• WHAT TO WORK ON
Lines from the one containing "6 shot glass" through the last line of the data below are to be returned exactly; leave out the rest.

• DATASET EXTRACT
*** Block opens ***

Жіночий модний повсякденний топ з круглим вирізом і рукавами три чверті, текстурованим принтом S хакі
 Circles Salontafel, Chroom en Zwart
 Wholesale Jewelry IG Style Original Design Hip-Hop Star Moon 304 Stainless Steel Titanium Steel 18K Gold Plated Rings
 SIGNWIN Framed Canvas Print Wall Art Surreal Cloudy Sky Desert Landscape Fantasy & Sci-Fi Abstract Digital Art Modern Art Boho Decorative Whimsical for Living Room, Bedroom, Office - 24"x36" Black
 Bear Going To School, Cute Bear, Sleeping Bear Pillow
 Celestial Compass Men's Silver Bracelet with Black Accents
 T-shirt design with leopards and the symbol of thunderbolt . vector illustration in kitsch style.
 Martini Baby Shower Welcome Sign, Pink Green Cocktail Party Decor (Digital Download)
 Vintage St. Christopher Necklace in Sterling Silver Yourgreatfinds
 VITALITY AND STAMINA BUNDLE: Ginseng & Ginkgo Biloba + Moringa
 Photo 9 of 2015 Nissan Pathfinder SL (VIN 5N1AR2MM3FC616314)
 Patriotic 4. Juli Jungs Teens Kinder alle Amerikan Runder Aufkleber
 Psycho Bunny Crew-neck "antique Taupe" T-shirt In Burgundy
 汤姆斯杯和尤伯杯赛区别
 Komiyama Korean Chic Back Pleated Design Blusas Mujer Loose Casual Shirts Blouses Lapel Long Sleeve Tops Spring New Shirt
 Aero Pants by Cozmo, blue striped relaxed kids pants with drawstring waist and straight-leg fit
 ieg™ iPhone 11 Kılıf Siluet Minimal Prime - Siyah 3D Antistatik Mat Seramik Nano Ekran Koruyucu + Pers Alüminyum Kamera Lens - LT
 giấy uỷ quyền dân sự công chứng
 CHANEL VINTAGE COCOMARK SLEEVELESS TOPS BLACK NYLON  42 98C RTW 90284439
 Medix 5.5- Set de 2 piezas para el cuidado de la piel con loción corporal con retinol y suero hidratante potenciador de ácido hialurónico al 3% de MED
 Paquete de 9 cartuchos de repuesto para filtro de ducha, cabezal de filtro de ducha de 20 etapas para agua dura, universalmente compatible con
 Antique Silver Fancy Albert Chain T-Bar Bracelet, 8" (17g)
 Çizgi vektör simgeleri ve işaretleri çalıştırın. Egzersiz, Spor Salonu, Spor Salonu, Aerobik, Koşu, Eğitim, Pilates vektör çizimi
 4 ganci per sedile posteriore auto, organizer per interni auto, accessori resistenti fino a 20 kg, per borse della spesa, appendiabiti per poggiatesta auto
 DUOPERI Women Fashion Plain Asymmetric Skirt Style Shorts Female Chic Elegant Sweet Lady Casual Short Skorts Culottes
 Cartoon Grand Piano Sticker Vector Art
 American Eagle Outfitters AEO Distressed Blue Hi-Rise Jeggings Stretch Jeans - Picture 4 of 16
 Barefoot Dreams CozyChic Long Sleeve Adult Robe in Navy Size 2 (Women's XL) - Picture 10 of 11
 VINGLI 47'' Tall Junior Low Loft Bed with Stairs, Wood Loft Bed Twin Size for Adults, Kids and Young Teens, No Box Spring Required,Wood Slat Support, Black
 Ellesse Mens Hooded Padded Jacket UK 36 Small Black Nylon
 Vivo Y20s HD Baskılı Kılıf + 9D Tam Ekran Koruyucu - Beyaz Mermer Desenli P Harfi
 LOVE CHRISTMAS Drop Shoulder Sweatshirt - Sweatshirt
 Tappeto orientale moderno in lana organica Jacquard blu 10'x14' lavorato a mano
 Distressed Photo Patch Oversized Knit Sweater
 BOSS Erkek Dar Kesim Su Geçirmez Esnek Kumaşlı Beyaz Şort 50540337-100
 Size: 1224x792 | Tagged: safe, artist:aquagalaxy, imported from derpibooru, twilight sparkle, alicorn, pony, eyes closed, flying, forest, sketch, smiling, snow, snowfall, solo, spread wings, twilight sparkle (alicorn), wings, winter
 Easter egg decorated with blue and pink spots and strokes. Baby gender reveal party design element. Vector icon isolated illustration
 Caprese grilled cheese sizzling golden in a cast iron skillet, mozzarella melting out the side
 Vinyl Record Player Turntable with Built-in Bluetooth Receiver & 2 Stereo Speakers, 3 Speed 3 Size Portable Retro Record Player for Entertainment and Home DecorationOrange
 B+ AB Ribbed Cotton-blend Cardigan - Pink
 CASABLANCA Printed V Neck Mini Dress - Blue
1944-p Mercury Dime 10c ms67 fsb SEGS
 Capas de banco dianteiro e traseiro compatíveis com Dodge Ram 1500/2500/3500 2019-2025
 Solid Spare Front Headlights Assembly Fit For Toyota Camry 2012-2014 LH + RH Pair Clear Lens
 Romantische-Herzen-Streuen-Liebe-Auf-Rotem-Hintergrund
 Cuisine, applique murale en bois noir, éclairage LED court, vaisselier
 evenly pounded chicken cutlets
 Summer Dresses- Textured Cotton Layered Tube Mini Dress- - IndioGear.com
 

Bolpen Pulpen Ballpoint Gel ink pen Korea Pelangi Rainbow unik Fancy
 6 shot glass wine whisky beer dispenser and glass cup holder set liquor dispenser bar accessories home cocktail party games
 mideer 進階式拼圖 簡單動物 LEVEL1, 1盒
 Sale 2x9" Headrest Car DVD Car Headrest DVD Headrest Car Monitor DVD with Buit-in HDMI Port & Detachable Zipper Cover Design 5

*** Block closes ***

• RESULT
 6 shot glass wine whisky beer dispenser and glass cup holder set liquor dispenser bar accessories home cocktail party games
 mideer 進階式拼圖 簡單動物 LEVEL1, 1盒
 Sale 2x9" Headrest Car DVD Car Headrest DVD Headrest Car Monitor DVD with Buit-in HDMI Port & Detachable Zipper Cover Design 5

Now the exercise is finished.